The Discovery Environment for Relational Information and Versioned Assets (DERIVA) is a data-centric platform that treats every file, table row, and analysis result as a first-class, version-controlled asset from the moment it is generated in the lab to its final citation in a paper. By combining a model-driven relational catalog with a versioned object store and open APIs, DERIVA lets scientists curate evolving datasets, automate quality checks, and publish continuously FAIR collections.
Every asset — raw, intermediate, or published — is instantly Findable, Accessible, Interoperable, and Reusable, with schema evolution tracked from experiment design to publication.
A Python library plus GPU-enabled JupyterHub pulls curated datasets, tracks executions, captures configs & results, and pushes them back with provenance — ideal for reproducible AI pipelines
Faceted, full-text, and model-aware search lets scientists pinpoint records across billions of rows in milliseconds.
Built-in dashboards render interactive plots, heat maps, and dimension-reduced embeddings directly from live project data—no exporting required.
Scientists can load and publish their own data while hub curators review; FaceBase used this model to surpass 1,000 datasets and 30 projects in two years.
Command-line and Python tools bulk-load any file types, attach controlled-vocabulary metadata, and trigger automated QC dashboards for “self-curation” at scale.

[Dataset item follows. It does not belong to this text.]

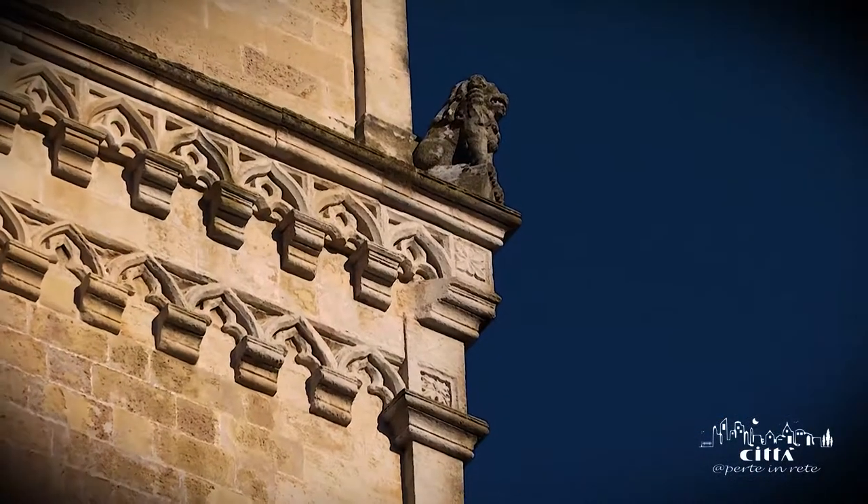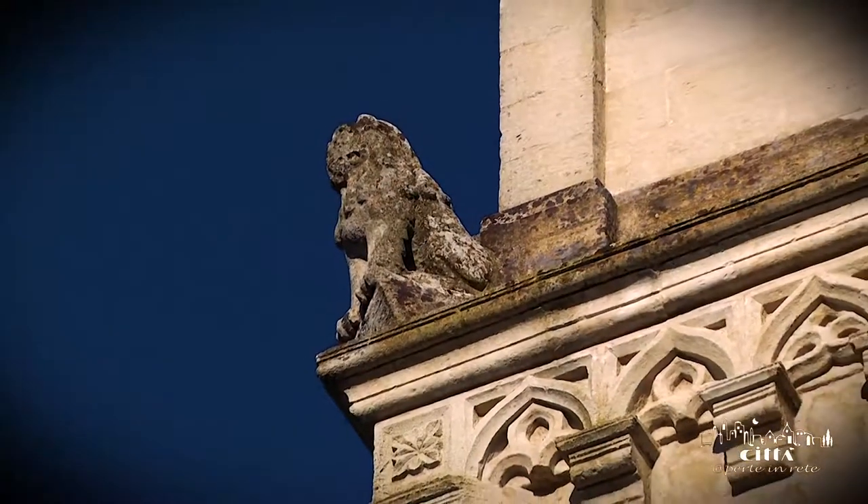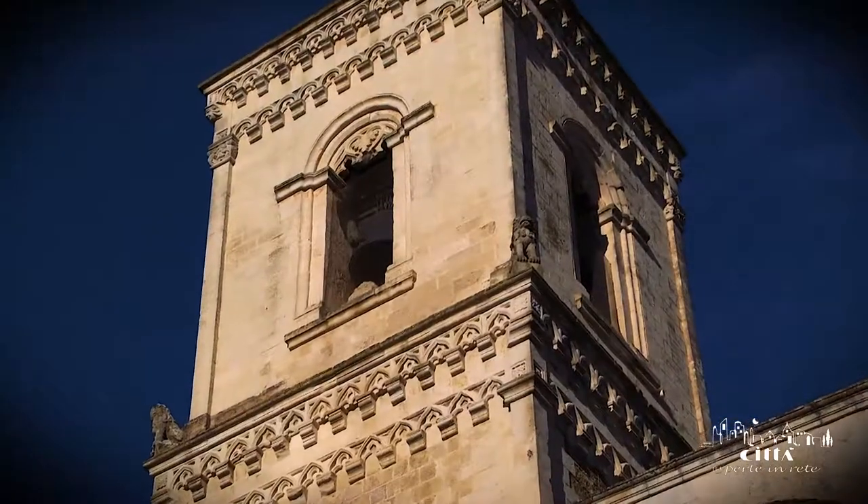Four lions, also called Marzocchi, are visible at the corners. They have the function of look-out and are the symbol of people's power.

Hatrac object store + BagIt/BDBag packages + Minid persistent IDs guarantee fixity, trace every revision, and make dataset exchange reproducible and cache-friendly.

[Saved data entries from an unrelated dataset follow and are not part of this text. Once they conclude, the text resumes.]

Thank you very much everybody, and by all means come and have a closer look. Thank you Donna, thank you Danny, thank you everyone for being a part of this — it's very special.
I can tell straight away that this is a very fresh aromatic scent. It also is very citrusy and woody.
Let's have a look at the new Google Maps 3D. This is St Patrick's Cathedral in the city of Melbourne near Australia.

[Globus Auth & Groups] let projects enforce reader/writer/curator roles, embargoes, and single-sign-on with ORCID, Google, or campus IDs—critical for cross-institution work.
DERIVA introspects an ER model and auto-generates rich search, edit, and visualization pages. Define or tweak your entity-relationship model and DERIVA auto-generates a rich web UI.
Micro-services with public APIs, style/theming hooks, and adaptive UI let each consortium stand up a branded portal yet share the same battle-tested core.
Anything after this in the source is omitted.